The International Energy Agency (IEA) has published a list of 25 Bright Ideas for Energy Efficiency. According the IEA, energy efficiency starts at home. They are inviting everyone to follow #25brightideas and @IEA on Twitter all month for helpful tips to save energy at home.
The first step is to track your monthly energy costs. If you take this suggestion as seriously as you would take the cost of your mortgage or rent, you'll track your 30-year energy costs. Accounting for inflation, the average American household will spend over a half million dollars for energy for their home and car. Paying attention to this list could save you tons of money and help you make choices about where to invest in home improvement.
Here's a sample of some of the ways you can save at home. Send me a Tweet and let me know some of your Bright Ideas.
- Insulate and seal the "envelope" of your home. That means insulating every wall. floor or ceiling that connects to the outdoors. Good insulation also helps reduce noise.
Zero energy building tip: Old homes are perfect targets for adding insulation. Many old homes have zero insulation. Almost all of them are under-insulated. Watch this video about what we did to insulate our historic Victorian and achieve net zero energy.
- If you're building a new house, maximize comfort and energy savings by positioning the house with a long wall facing south. This helps capture sun in winter to warm your house. Then make sure the windows are shaded when the sun is high in the sky in the summer.

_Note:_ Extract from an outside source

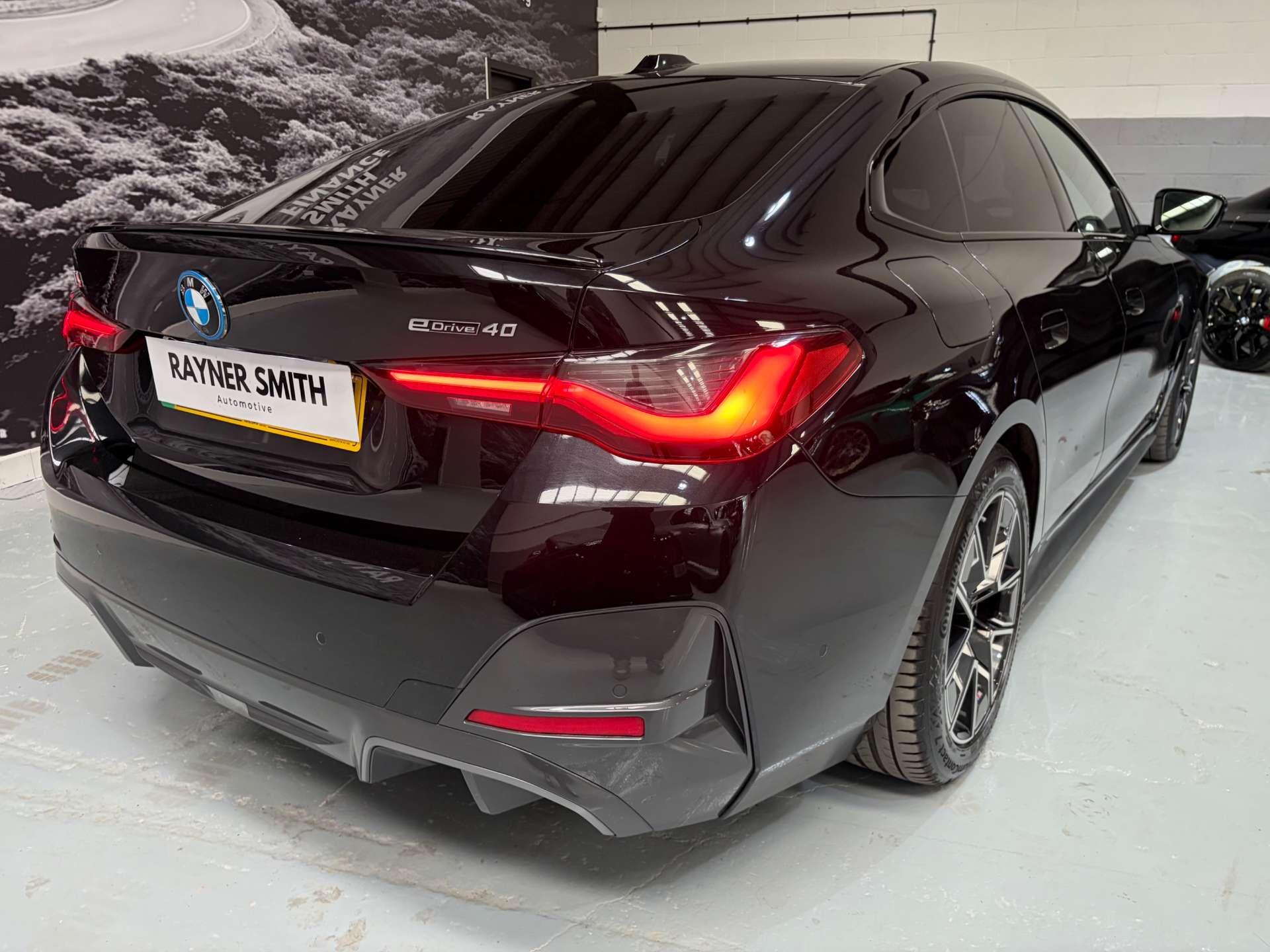 BMW I4 view 13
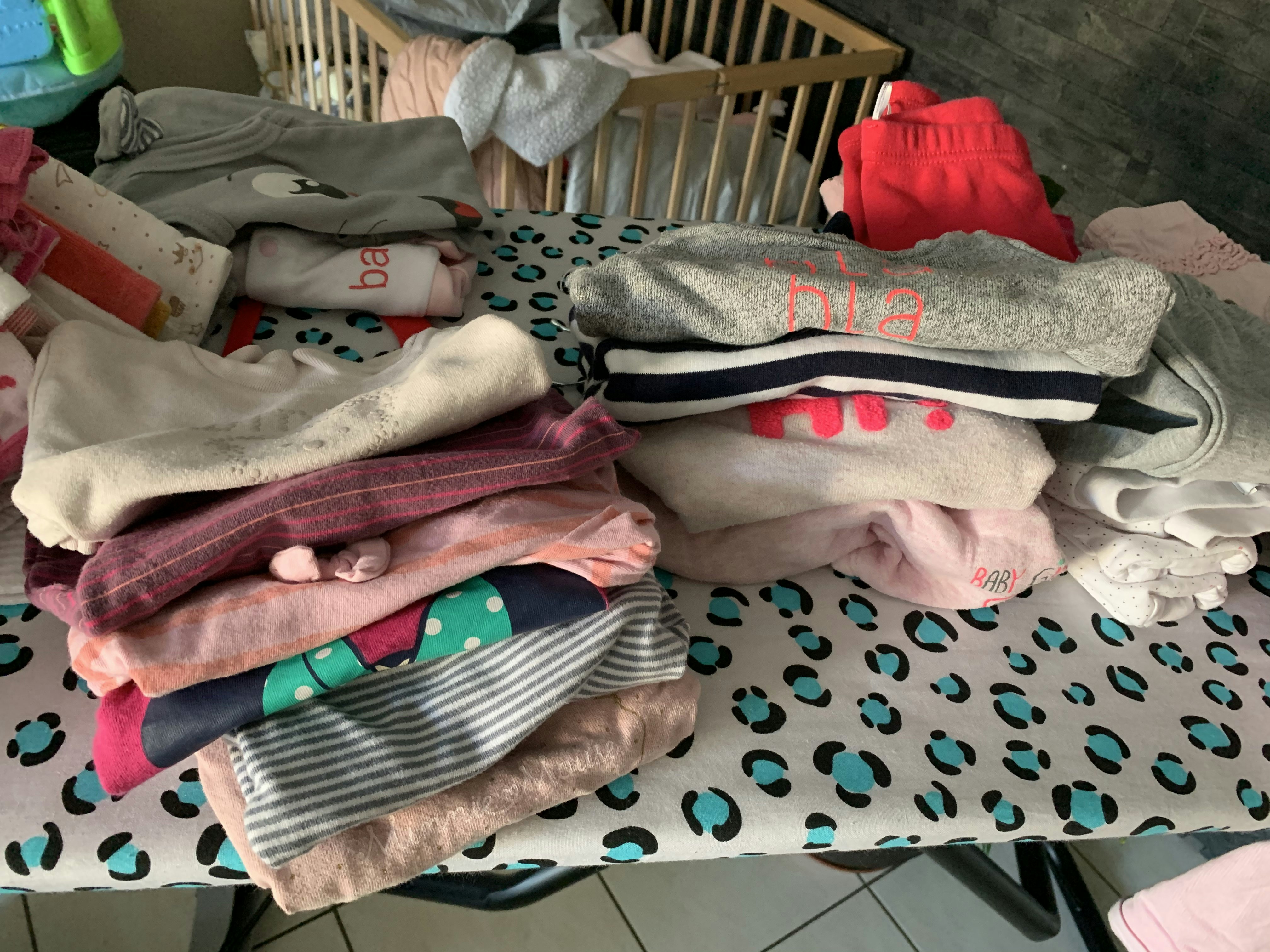 Gros lot de vêtement 3 mois fille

Zero energy building tip: Better yet . . . Don't build a new house. Find a wonderful old home with great bones and make it more efficient. There are some great deals on old homes that are in need of efficiency upgrades. You can take the savings in purchase price and do a deep energy retrofit. During the worst housing market ever, we were able to restore our Victorian and still come out almost $100,000 above water after the cost of the rehab.
- For your existing home, follow these simple steps to save energy:
Set your thermostat to 68F in the winter and 72F or higher in the summer. These are healthy temperatures for your family. Your water tanks should not be set higher than 120F. In fact, higher water temperatures can cause scalding.
Zero energy building tip: You can improve the performance of your heater and air conditioner by 25 percent by buying the new breed of Smart Thermostats like an Ecobee or Nest. Listen to my story on Public Radio about smart thermostats.
In winter, keep your curtains closed at night to keep heat in. In summer, keep your windows open to flush the house of the hot air and bring in the cool night air.
Buy some caulk and go nuts. Seal all the gaps around doors and window panes to eliminate draft.
Wrap your hot water pipes to keep them hot. Wrap your hot water tank in an insulating blanket available at the hardware store. It'll pay for itself in a few months.
- When renting or buying a home, condo or apartment, look for buildings with a LEED, Energy Star or Living Buildings certification.
- Get the best performance out of your appliances, heater, and air conditioner:
Have your furnace and A/C serviced every year and consider a service plan to keep tabs on all your appliances. This will help it last for many years and keep your bills lower and keep you cozier.
Zero energy building tip: Consider upgrading your old heating system to a modern and ultra-efficient geothermal heating and cooling system. It will cost a bit more up front. But, it's so much more efficient that it will pay for itself many times over in comfort, energy savings, and cost savings.